The UNESCO World Heritage city of Vigan, Ilocos Sur, offers a glimpse of the Philippines’ colonial past. This is evident in the mixture of European and Asian architecture of the ancestral houses, churches and other structures that are well-preserved around the city. We travel here via a flight to Laoag, then a 2 hour bus ride south to Vigan, but make a quick stop to view historic Paoay Church.
Paoay Church is a UNESCO world heritage site famous for its oriental-gothic-baroque architecture, and construction that dates back to 1694. The bell tower also has historical significance as it served as a lookout point for the Filipino guerillas called Katipuneros guarding against the Japanese forces.

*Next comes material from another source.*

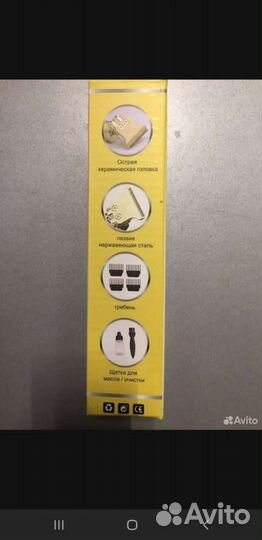 Триммер для бороды и усов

The thick walls and buttresses that were constructed to withstand the earthquakes that frequently shake the country, are quite impressive!

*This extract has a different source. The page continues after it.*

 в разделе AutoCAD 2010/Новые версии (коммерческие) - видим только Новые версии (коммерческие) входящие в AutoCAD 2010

Two hours south along the seaside highway we arrive in Vigan. Established in the 16th century, Vigan is the best-preserved example of a planned Spanish colonial town in Asia. Its architecture reflects the coming together of cultural elements from elsewhere in the Philippines, from China and from Europe, resulting in a culture and town-scape that have no parallel anywhere in East and South-East Asia.

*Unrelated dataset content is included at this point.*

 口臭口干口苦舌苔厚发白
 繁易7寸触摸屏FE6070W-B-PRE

The town is located in the delta of the Abra River, off the coastal plain of the China Sea, close to the north-east tip of the island of Luzon.
We will be here for two days, exploring and photographing the town. One of the unique features here is the use of the Kalesa. This was one of the modes of transportation introduced in the Philippines in the 18th century by the Spanish that only nobles and high ranked officials could afford. The Kalesa driver is commonly called as “Cochero” or “Kutsero”. When “Cochero” direct the horse to turn right he says “mano” and he says “silla” to direct the horse to turn left.
As if on cue, shortly after our arrival in Vigan, a brief rain shower provided a fantastic reflective sheen to the cobblestone streets. After taking cover under awnings temporarily until the rain let up, we emerged and began photographing the activity on historic Crisologo Street.
Along the historic streets of Vigan one can see the local style wooden houses, which are gently decaying here in town and in the villages all along the coasts of north-west Luzon. The woodwork is usually weather-worn to a soft grey color, and around the eaves and windows is often carved. The windows have sliding trellised shutters set with small square panes of capiz shell instead of glass, which makes them look as if they have been whitewashed on the inside. I always encourage my tour guests to look up and see if they can catch someone looking down onto the streets. In this respect, Vigan always reminds me a little bit of Cuba’s Havana Vieja.
Apart from Vigan’s historic and beautiful cobblestone streets and Calesas, the city is famous for Burnay Pottery: Jars made from Vigan are much sought-after by foreign and local visitors. This earthenware is called burnay. The industry that has grown from the making of burnay dates back to pre-colonial times when immigrants from China came to settle in Vigan. They practiced the craft of making earthenware using the grade A clay that was found in plentiful in the Western area of Vigan.
Nowadays, people buy them mostly to serve as decorations inside their homes and gardens. Miniature versions of the jars are also made in abundance because they have become a favorite souvenir item of foreign and local tourists.
The making of burnay is done with just the use of the potter’s skillful hands and use of pottery wheel and kiln. Fine sand is used to temper the clay, which, once fashioned into the desired shape, is placed inside high-temperature ground kilns made from brick and clay. Compared to terracotta, people say that the burnay is hardier.
Its earlier uses were for tea-drinking, and as container for salt, brown sugar, water, local wine (basi) and bagoong (fermented fish). It is even said that basi and bagoong taste much better when stored inside burnays.